Die Krankenversicherten werden mit einer Reihe von schlechten Nachrichten überflutet, die sich aber auch nur auf den hinteren Zeitungsseiten finden. Gesundheitsministerin Ulla Schmidt (SPD) verwirrt mit einer Serie von Vorschlägen, die sich teilweise widersprechen. Festzustehen scheint bisher, daß das Krankengeld aus dem Katalog der Gesetzlichen Krankenversicherung (GKV) gestrichen werden soll. Die deutschen Arbeitnehmer wären damit bei längerer Krankheit auf die Sozialhilfe angewiesen, es sei denn, sie versichern sich für bis zu 60 Euro im Monat bei einer privaten Versicherung.

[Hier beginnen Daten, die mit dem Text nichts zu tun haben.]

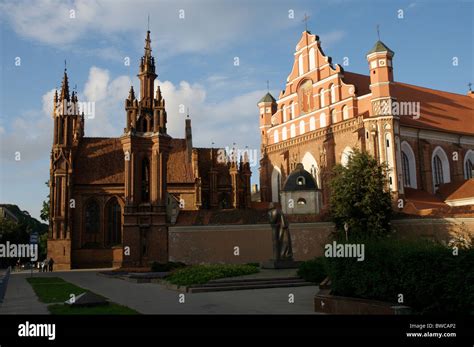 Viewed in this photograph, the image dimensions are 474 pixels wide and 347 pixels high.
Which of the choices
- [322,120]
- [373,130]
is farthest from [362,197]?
[322,120]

Ältere Arbeitnehmer müssen sich darauf einstellen, daß es bei einer Entlassung nicht mehr so lange Arbeitslosengeld gibt. Und jüngere Arbeitnehmer sollen davon ausgehen, daß der Kündigungsschutz für sie nicht mehr oder nur noch eingeschränkt gelten könnte. Jede dieser Nachrichten hätte für sich alleine zu Helmut Kohls Zeiten einen von der SPD unterstützten Marsch der Gewerkschaften auf Bonn bedeutet. Hunderttausende wären in den Hofgarten gekommen. Und heute? Der Krieg, beziehungsweise die Berichterstattung über ihn, läßt die Nachrichten auf Meldungsgröße schrumpfen. Außerdem kann nicht einmal gesagt werden, welche Reformen überhaupt durch die parlamentarischen Gremien gehen oder durch die Selbstblockade des politischen Betriebs versanden.

Schröder kommt diese Entwicklung nicht ungelegen. Schon immer bestand das Spiel des Niedersachsen darin, auf günstige Gelegenheiten zu warten und diese dann auszunutzen, um Zeit zu gewinnen. Eigentlich regierte Schröder jahrelang in Niedersachsen mit dem Prinzip der Ablenkung. Für jede schlechte Entwicklung war die Bundesregierung verantwortlich. Da er in Berlin nun selbst an der Macht ist, bringt er andere Faktoren ins Spiel, beziehungsweise nutzt sie aus: Erst war es die CDU-Spendenaffäre, mit der er sich über die Runden rettete. Im letzten Bundestagswahlkampf zauberte er erst die Hartz-Kommission wie ein Kaninchen aus dem Hut, dann half ihm die Elbeflut und schließlich die Pazifismus-Debatte, mit der er knapp die Bundestagswahl 2002 gewann.

Jetzt profitiert Schröder wieder, so bitter es klingt, von einem Krieg, den er nie wollte, und den er nicht verhindern konnte, obwohl er das wollte. Würden die USA nicht Bagdad bombardieren, würde sich die deutsche Öffentlichkeit mit einem Kanzler beschäftigen, der kein stimmiges Konzept hat, um den Marsch in den Schuldenstaat aufzuhalten, den Kollaps der Sozialsysteme zu verhindern und die Wirtschaft wieder in Gang zu bringen. In der SPD läuft nicht nur der linke Parteiflügel Sturm gegen die Pläne des Kanzlers. Der weitverbreitete Unmut führt inzwischen zu einer großen Zahl von Parteiaustritten.

Aber auch die Opposition profitiert ein wenig vom Krieg. Die Möllemann-Affäre bei der FDP ist in Vergessenheit geraten, und die Tatsache, daß die CDU unter Führung von Angela Merkel auch nicht richtig weiß, wie es weitergehen soll, interessiert niemanden. Aber der Krieg ist eines Tages vorbei, und dann wird sich das Publikum die Augen reiben und erstaunt feststellen, daß Deutschland immer noch ein Sanierungsfall ist.